Another important aspect of communication is disseminating the mission of the organization and your vision for its future. Why is your business in operation? What are the values you hold dear that drive the work you are doing? Where do you hope the business will be in the next two or five or ten years? Your sales team and other employees need to understand why they’re working for you so they can embrace and take pride in the roles they play in the bigger picture. Salespeople who feel valued and essential to the mission become supporters who will rise to the top of their selling game.
6. Be accountable. I advise you to sit down with each of your sales team members and negotiate expectations – what you expect of them and what they expect of you. When all know what is expected, all know how to perform. Accountability is required on all sides – you should be as accountable to your employees as they are to you. In fact, your accountability is paramount to the success of your business. Your employees need to know that you say what you mean and stand by what you’ve said, but also, they need to see that you’re willing to admit when you’ve made a mistake and will make the adjustments necessary to move the organization forward.

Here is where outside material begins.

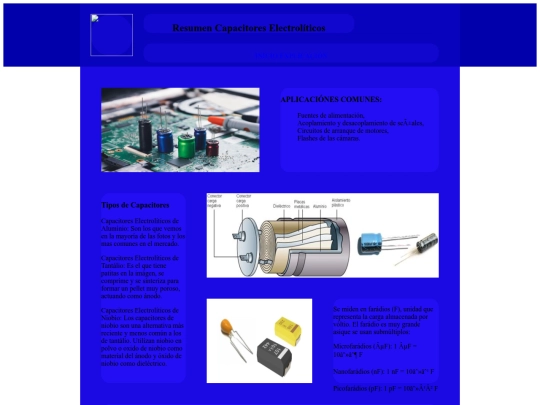 Pagina Sitio Web 2 screenshot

7. Solve problems promptly. Don’t let morale killers linger on indefinitely in the workplace. If you have someone who is dragging the rest of the team down and getting away with it, put a stop to it, behind closed doors. Never chastise an employee in a public forum> Just as public recognition boosts motivation, public humiliation and embarrassment are motivation killers for all.

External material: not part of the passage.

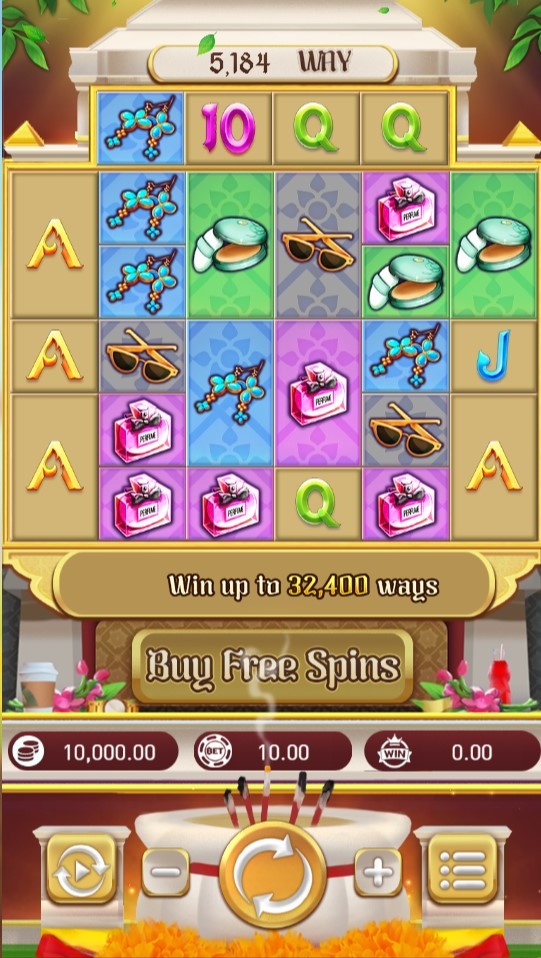Lucky Nangkwak Gameplay Image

You may even have to fire a problem employee, but solve problems immediately and handle all situations professionally. Institute policy changes that will improve the worklife of your sales force. They’ll be motivated to see that you recognize problems and issues that need to be addressed and you take steps to resolve them.
8. If you really want to know what motivates them, ask them! According to Entrepreneur.com’s infographic also shows that 90% of businesses feel employee engagement is important yet 75% of businesses have no plan for engaging them.
Ask your sales team what they need. What do they want to see happen in the organization? What tools, training, changes would make their jobs easier. Once, you know what they need, figure out how to make it happen.
A Different Perspective on Motivation
Bob Whipple, MBA, CPLP, is a trainer, consultant, and author of several books on trust and leadership who offers a bit of a different perspective on how to motivate employees. In his article on Culture and Motivation, Whipple says .”the job of a good leader is to help others find the best way to keep motivated, based on their own motivational styles and outlooks.” This perspective takes asking your employees what they need to a different level – the employees get to create their own system of motivation. Whipple isn’t letting you off the hook though. You are still responsible for creating an environment in which your team can thrive.
Motivation is challenging to implement but if you want to build a winning culture and inspire your sales team to reach new performance heights, take immediate steps to meet their needs. Here are some words from sales and marketing expert Jeffrey Gitomer to inspire you: “The difference between motivation and inspiration is that motivation must be constantly injected. Inspiration lasts a lifetime. Great Leaders can instill both.”